» SUPPLIED MATERIAL
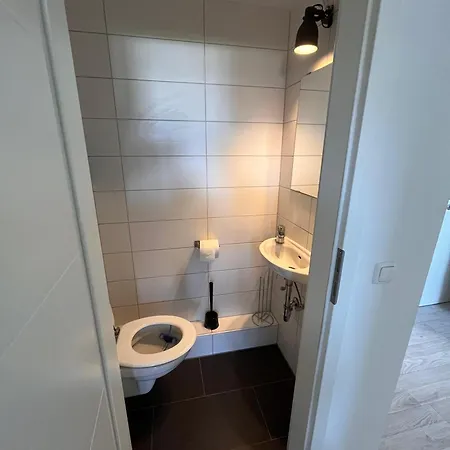 3 Bedroom Apartment, 6 Singlebeds, Parking, Balcony, 5min To Autobahn A7 公寓 *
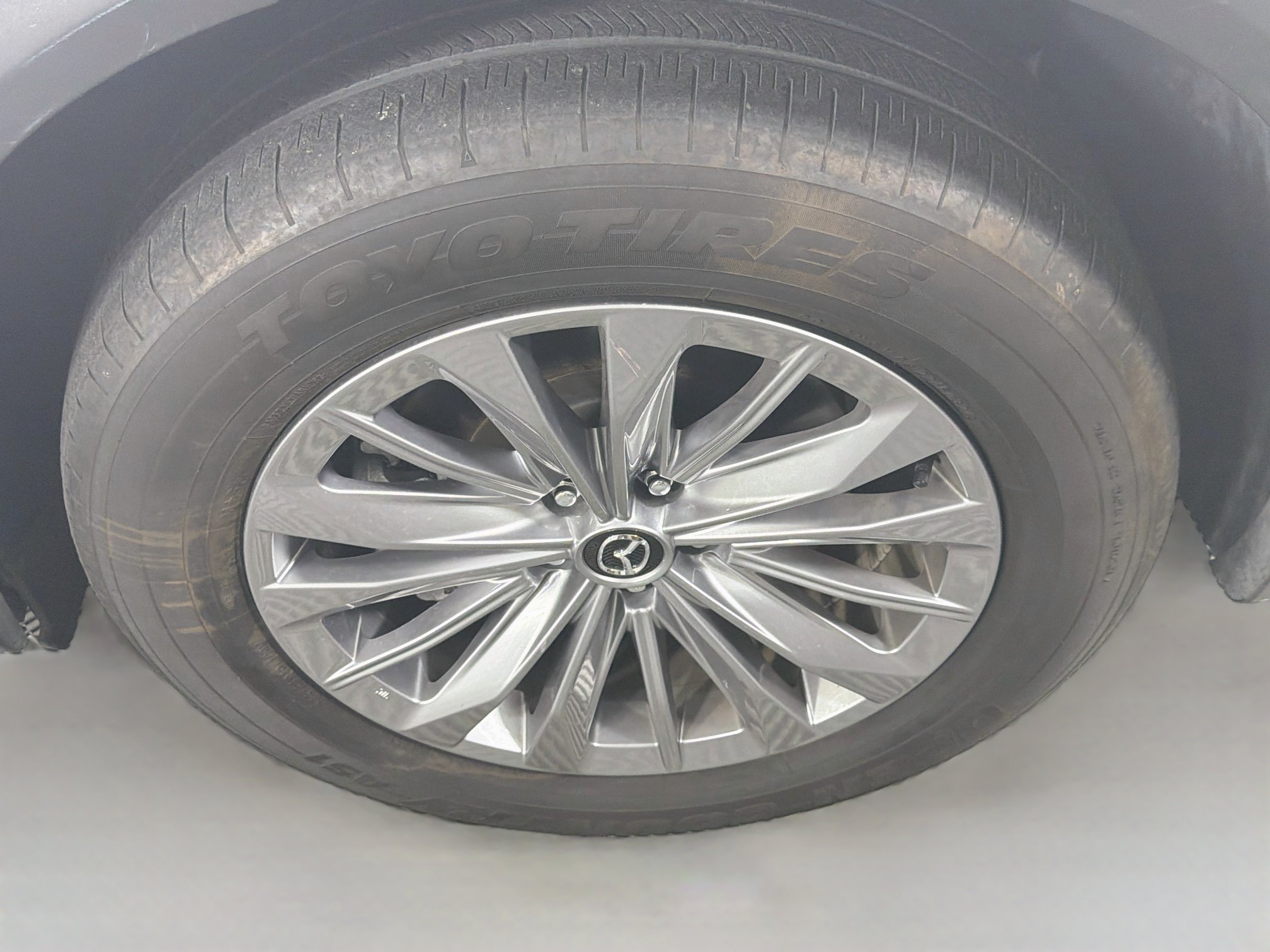 Used 2024 MAZDA CX-90 Plug-In Hybrid w/ Preferred AWD/4WD image 11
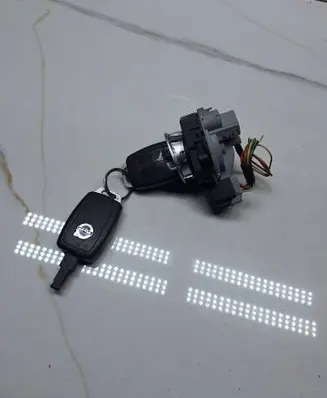 Volvo V50 Ignition lock 30737157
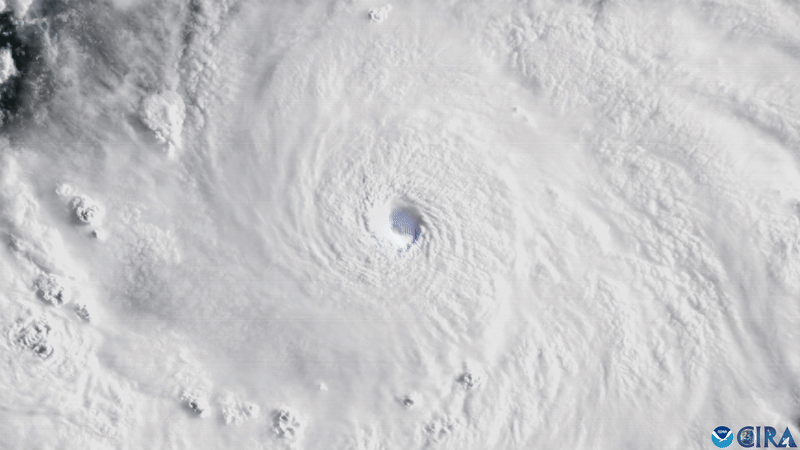 Siêu bão đáng sợ nhanh nhất năm nay đã xuất hiện: Vệ tinh ghi lại cảnh tượng kỳ dị- Ảnh 1.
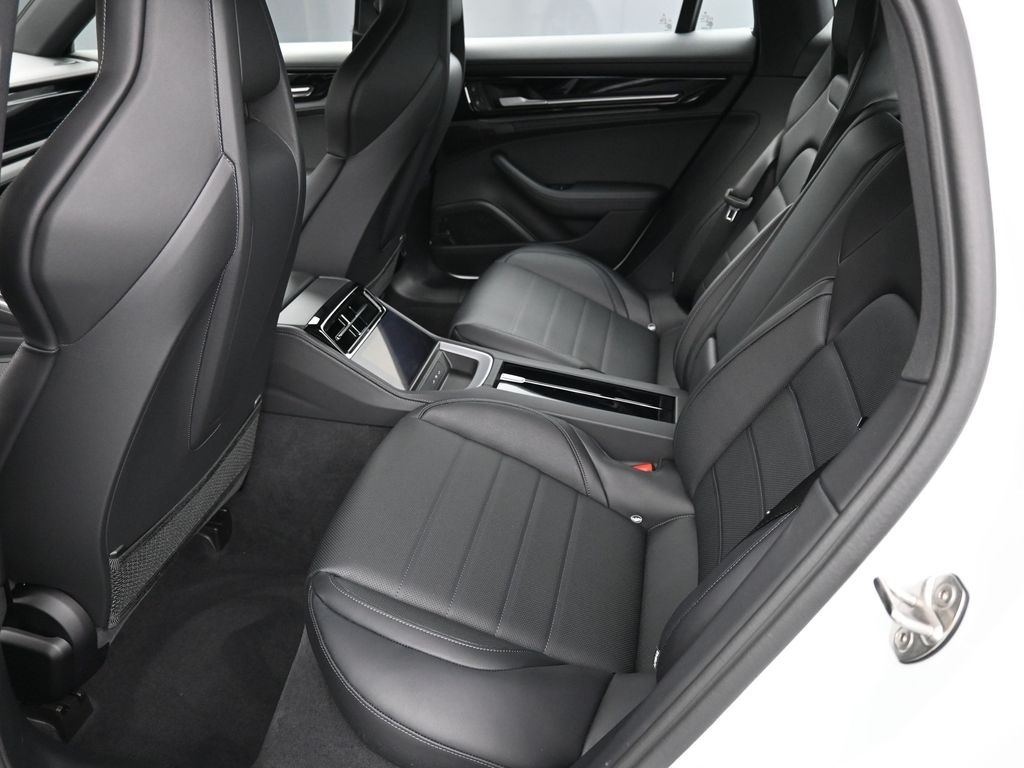 2025 Porsche Panamera 4 photo 6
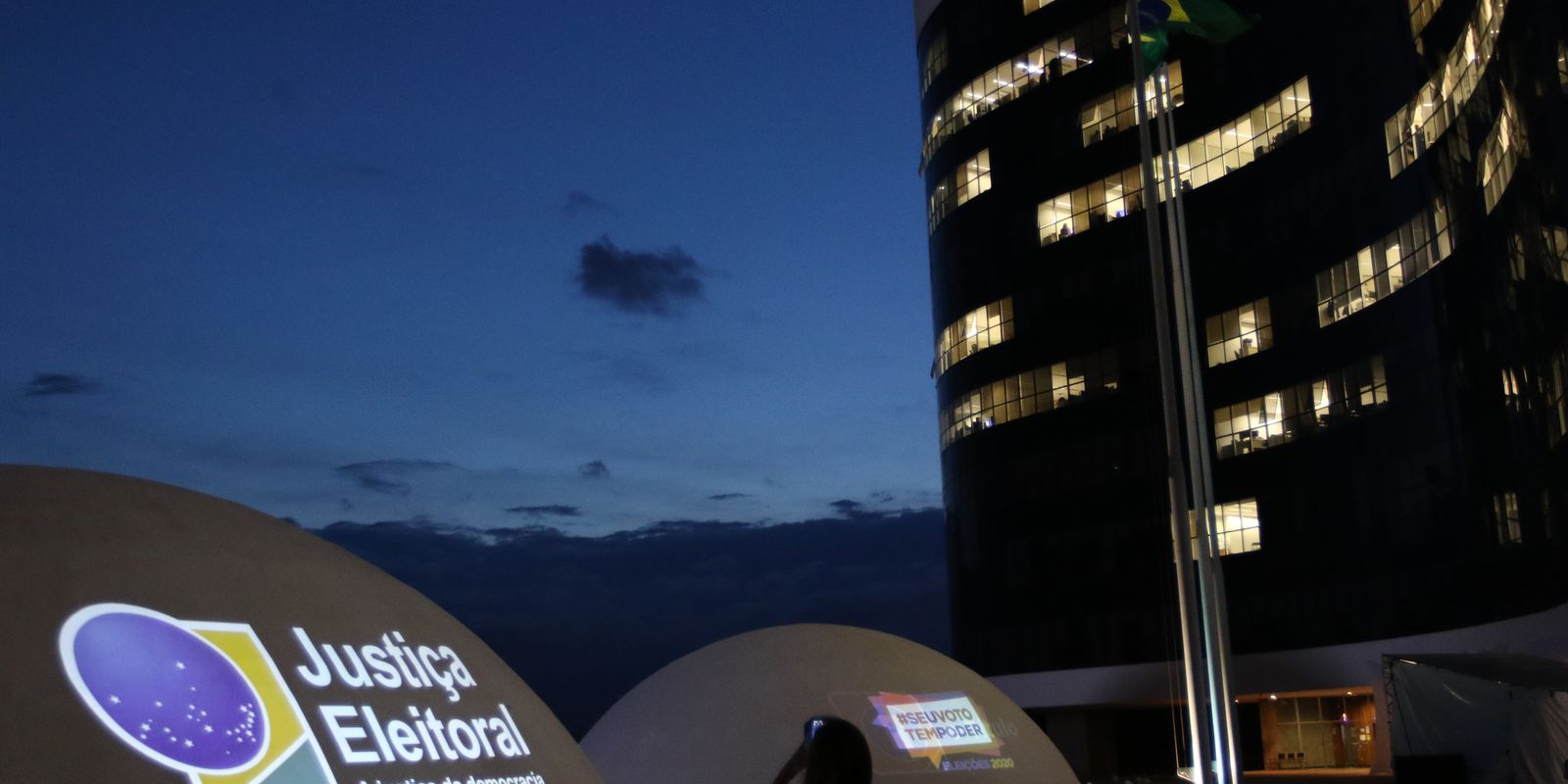 TSE nega hackeamento após Flávio aparecer filiado ao Missão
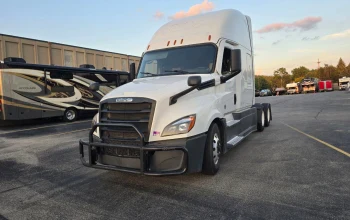 2021 FREIGHTLINER, CASCADIA 126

» WORK INSTRUCTIONS
Give the records again exactly, minus the pictures.

» SOLUTION
 3 Bedroom Apartment, 6 Singlebeds, Parking, Balcony, 5min To Autobahn A7 公寓 *
 Used 2024 MAZDA CX-90 Plug-In Hybrid w/ Preferred AWD/4WD image 11
 Volvo V50 Ignition lock 30737157
 Siêu bão đáng sợ nhanh nhất năm nay đã xuất hiện: Vệ tinh ghi lại cảnh tượng kỳ dị- Ảnh 1.
 2025 Porsche Panamera 4 photo 6
 TSE nega hackeamento após Flávio aparecer filiado ao Missão
 2021 FREIGHTLINER, CASCADIA 126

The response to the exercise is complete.